━━━━━ DATA SUPPLIED
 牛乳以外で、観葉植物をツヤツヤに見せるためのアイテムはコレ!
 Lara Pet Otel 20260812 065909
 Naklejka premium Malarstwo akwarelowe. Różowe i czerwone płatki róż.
━━━━━━━━━━
━━━━━ DATA SUPPLIED
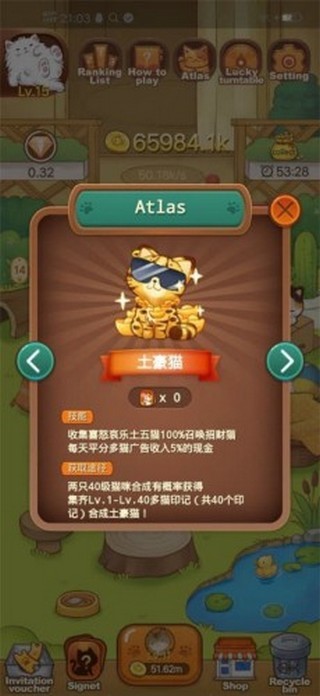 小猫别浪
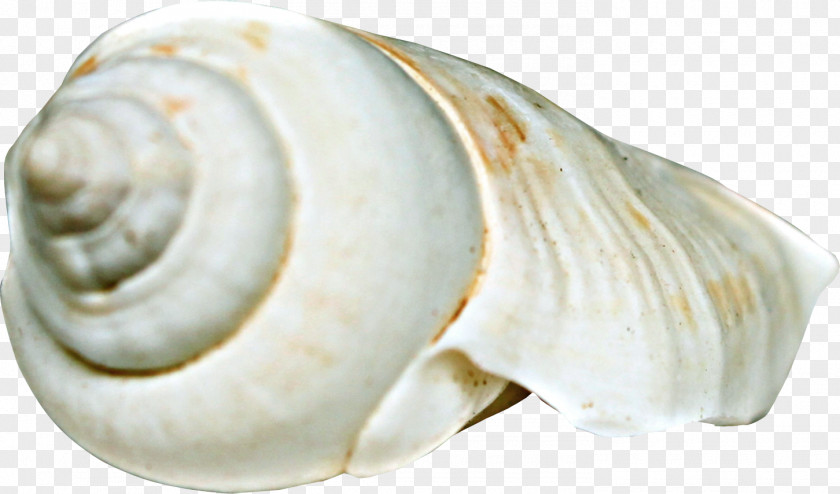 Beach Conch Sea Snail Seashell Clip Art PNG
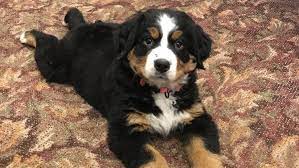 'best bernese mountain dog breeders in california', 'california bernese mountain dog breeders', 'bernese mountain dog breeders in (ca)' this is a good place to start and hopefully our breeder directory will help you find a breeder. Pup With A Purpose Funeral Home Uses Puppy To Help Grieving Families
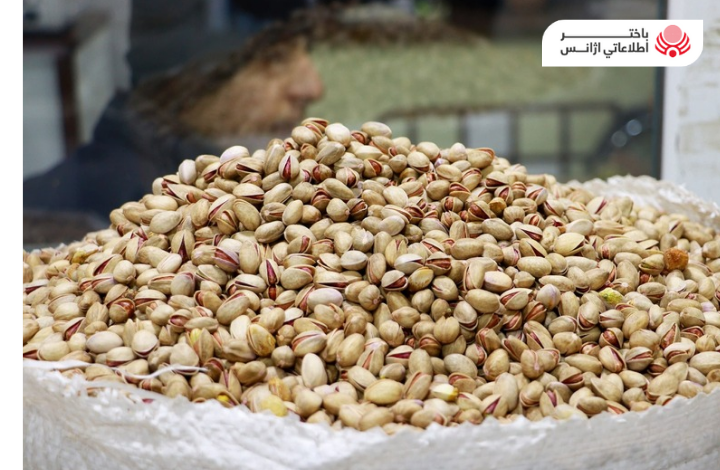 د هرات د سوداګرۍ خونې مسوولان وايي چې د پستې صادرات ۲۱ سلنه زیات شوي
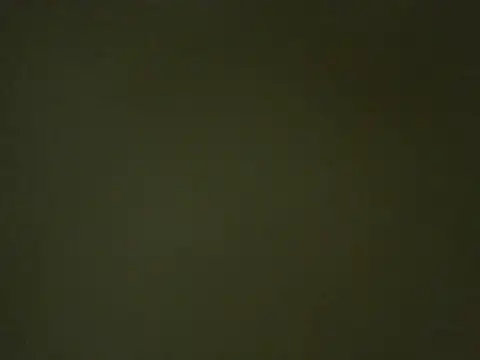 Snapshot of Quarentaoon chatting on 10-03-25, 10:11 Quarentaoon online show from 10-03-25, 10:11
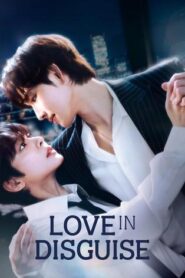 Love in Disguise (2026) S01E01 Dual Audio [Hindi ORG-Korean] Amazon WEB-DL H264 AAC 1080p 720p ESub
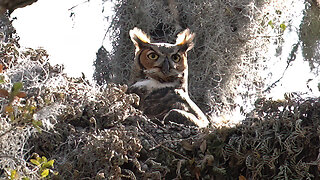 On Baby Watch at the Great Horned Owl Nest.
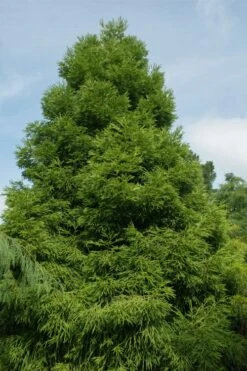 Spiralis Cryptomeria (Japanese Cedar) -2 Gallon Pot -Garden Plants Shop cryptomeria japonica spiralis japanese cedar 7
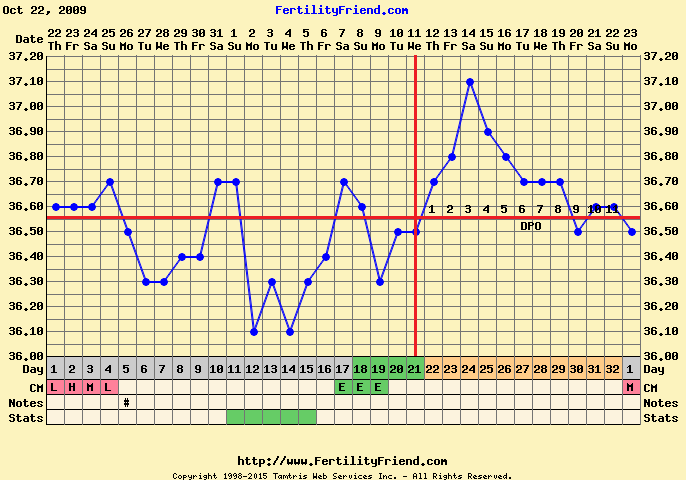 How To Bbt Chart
━━━━━━━━━━
Would you copy, unchanged, the stretch of the records above that begins at the line containing "牛乳以外で、観葉植物をツヤツヤに見せるためのアイテムはコレ!" and ends at the line containing "Naklejka premium Malarstwo", and only that?

 牛乳以外で、観葉植物をツヤツヤに見せるためのアイテムはコレ!
 Lara Pet Otel 20260812 065909
 Naklejka premium Malarstwo akwarelowe. Różowe i czerwone płatki róż.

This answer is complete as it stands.